Stored data.
::::::::::
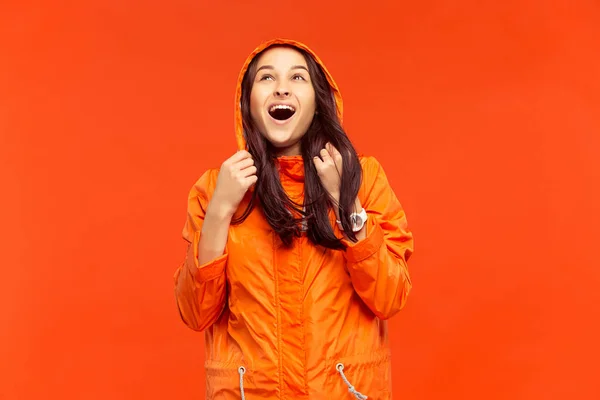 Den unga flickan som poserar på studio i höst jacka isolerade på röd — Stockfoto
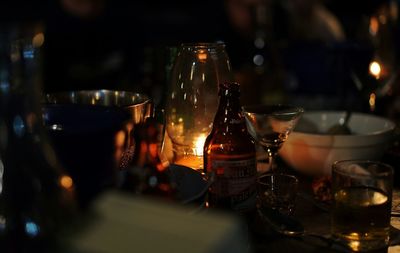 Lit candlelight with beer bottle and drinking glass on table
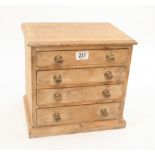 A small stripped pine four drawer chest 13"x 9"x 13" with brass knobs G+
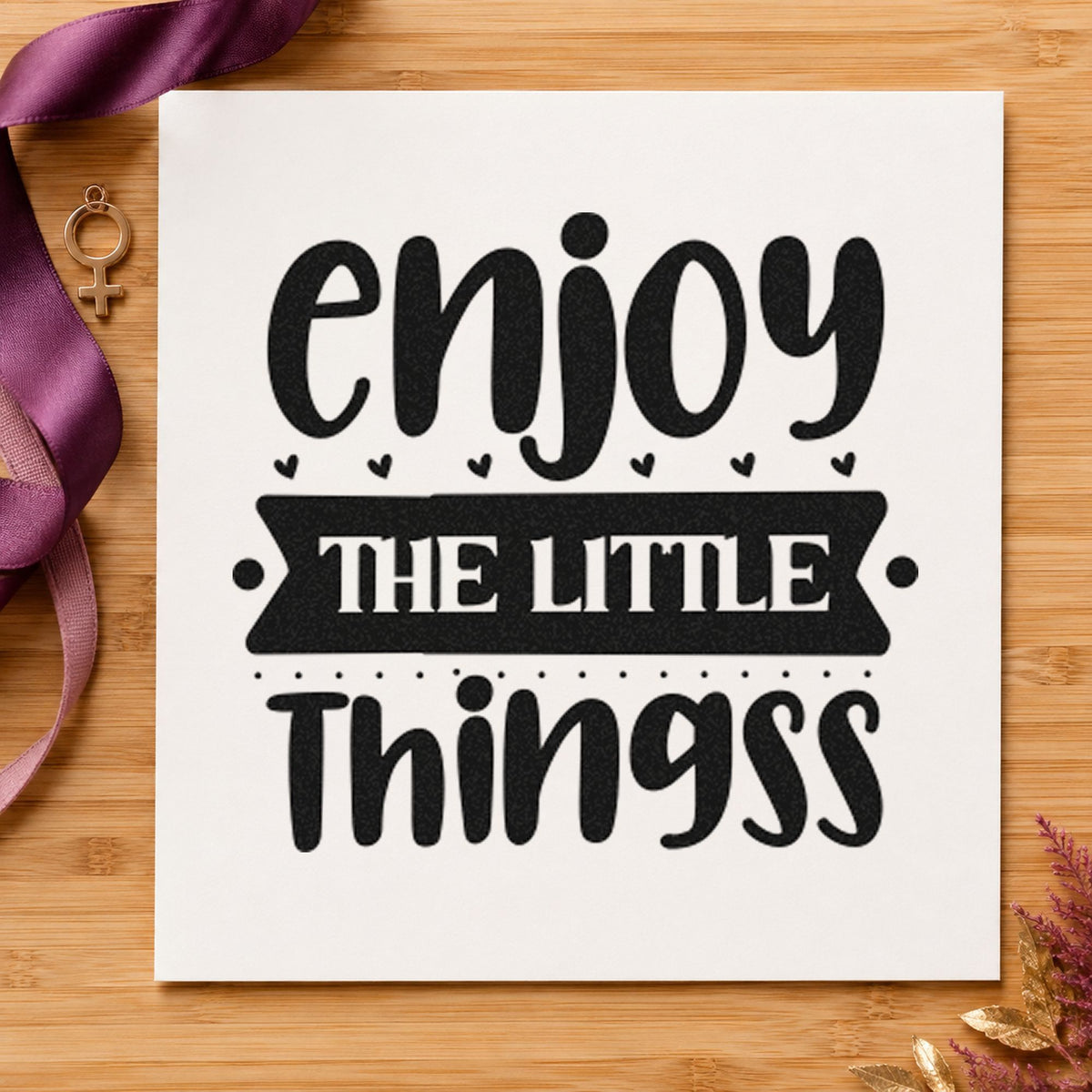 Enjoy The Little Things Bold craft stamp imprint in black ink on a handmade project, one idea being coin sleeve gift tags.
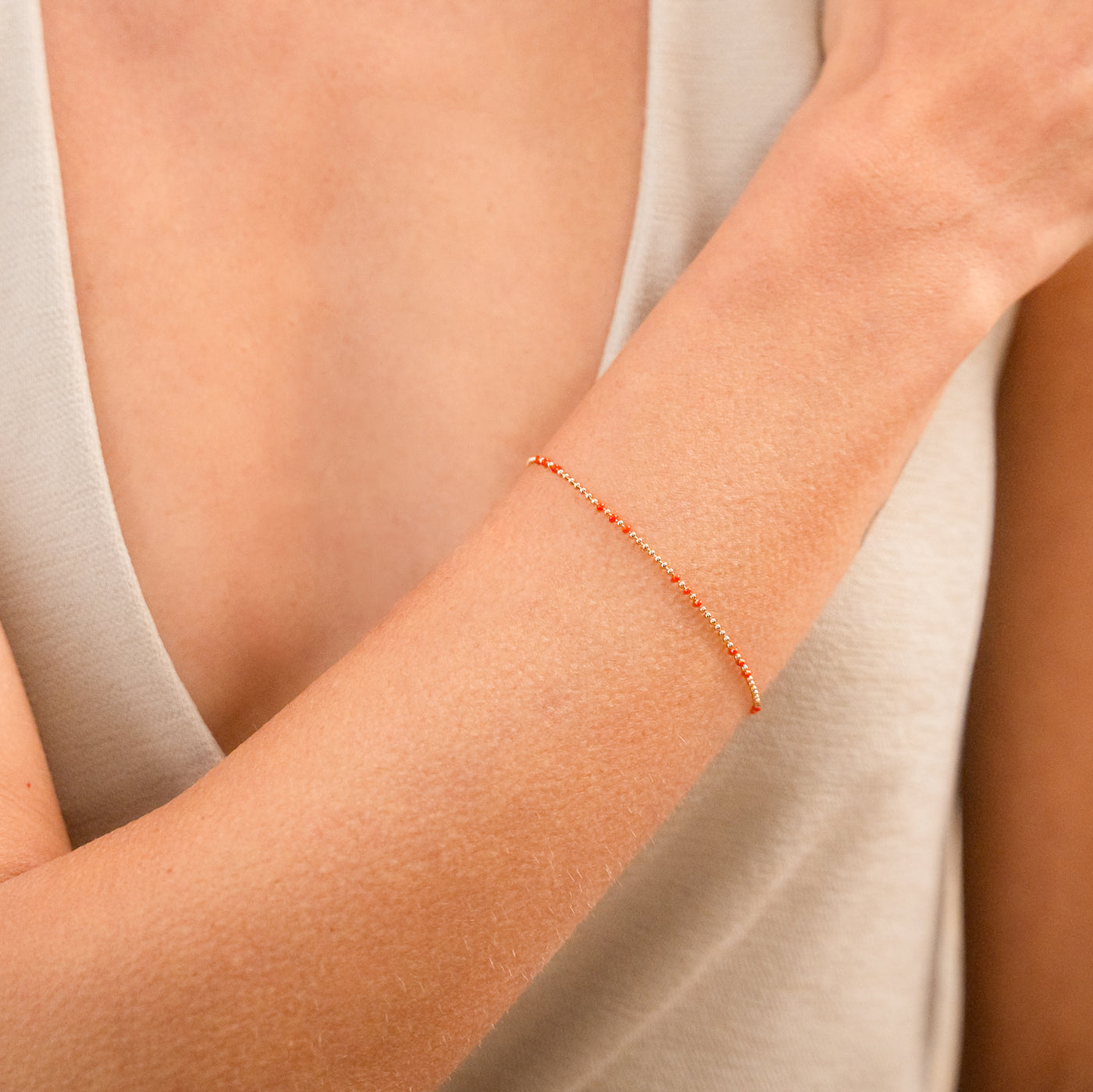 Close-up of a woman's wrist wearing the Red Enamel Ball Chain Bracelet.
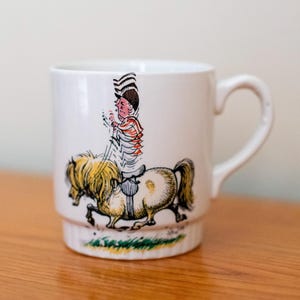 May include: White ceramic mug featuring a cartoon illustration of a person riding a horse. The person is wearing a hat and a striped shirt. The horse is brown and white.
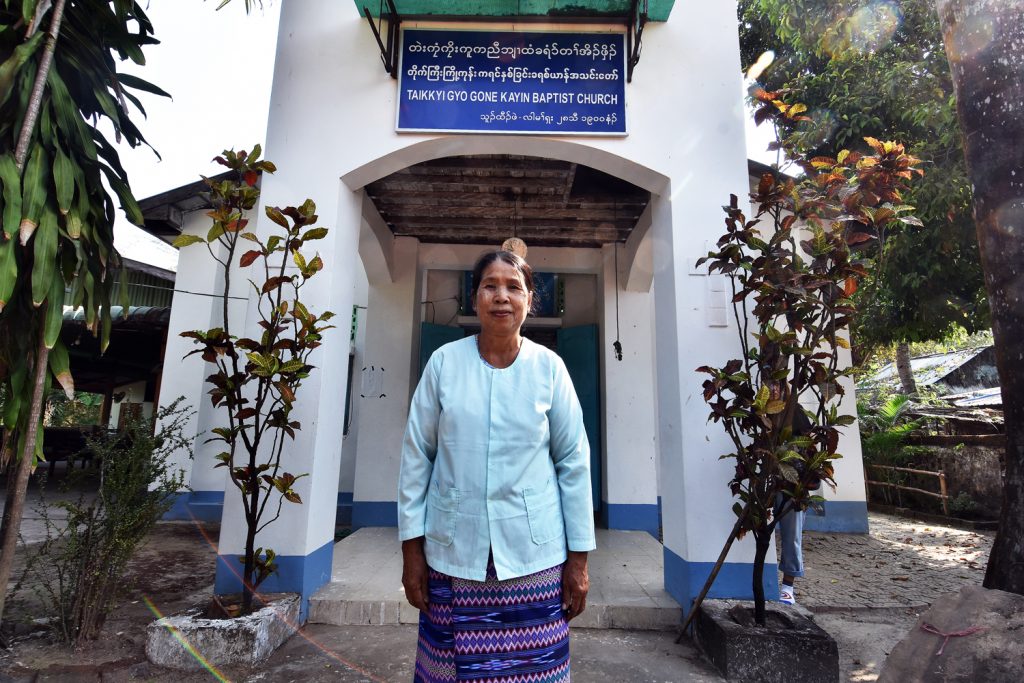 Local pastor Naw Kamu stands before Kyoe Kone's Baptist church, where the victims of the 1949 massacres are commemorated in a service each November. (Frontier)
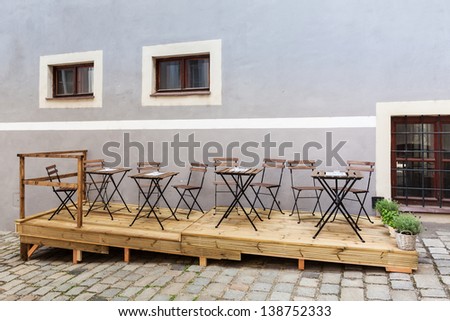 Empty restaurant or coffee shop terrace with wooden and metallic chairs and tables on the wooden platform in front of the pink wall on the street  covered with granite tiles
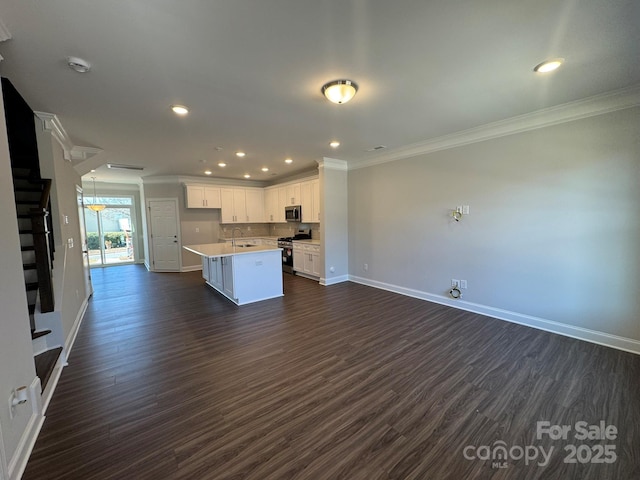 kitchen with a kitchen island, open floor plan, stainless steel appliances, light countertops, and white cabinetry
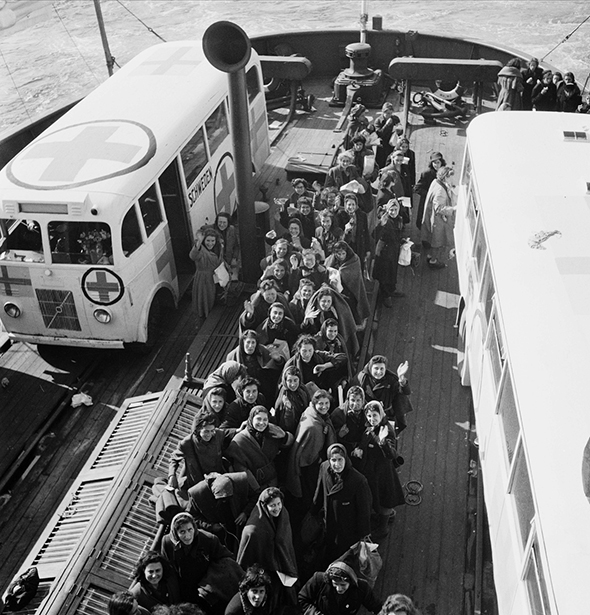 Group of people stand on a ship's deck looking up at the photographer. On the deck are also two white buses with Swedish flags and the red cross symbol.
::::::::::
To do. Restate each entry word for word, leaving out any pictures.

Written response.
 Den unga flickan som poserar på studio i höst jacka isolerade på röd — Stockfoto
 Lit candlelight with beer bottle and drinking glass on table
 A small stripped pine four drawer chest 13"x 9"x 13" with brass knobs G+
 Enjoy The Little Things Bold craft stamp imprint in black ink on a handmade project, one idea being coin sleeve gift tags.
 Close-up of a woman's wrist wearing the Red Enamel Ball Chain Bracelet.
 May include: White ceramic mug featuring a cartoon illustration of a person riding a horse. The person is wearing a hat and a striped shirt. The horse is brown and white.
 Local pastor Naw Kamu stands before Kyoe Kone's Baptist church, where the victims of the 1949 massacres are commemorated in a service each November. (Frontier)
 Empty restaurant or coffee shop terrace with wooden and metallic chairs and tables on the wooden platform in front of the pink wall on the street  covered with granite tiles
 kitchen with a kitchen island, open floor plan, stainless steel appliances, light countertops, and white cabinetry
 Group of people stand on a ship's deck looking up at the photographer. On the deck are also two white buses with Swedish flags and the red cross symbol.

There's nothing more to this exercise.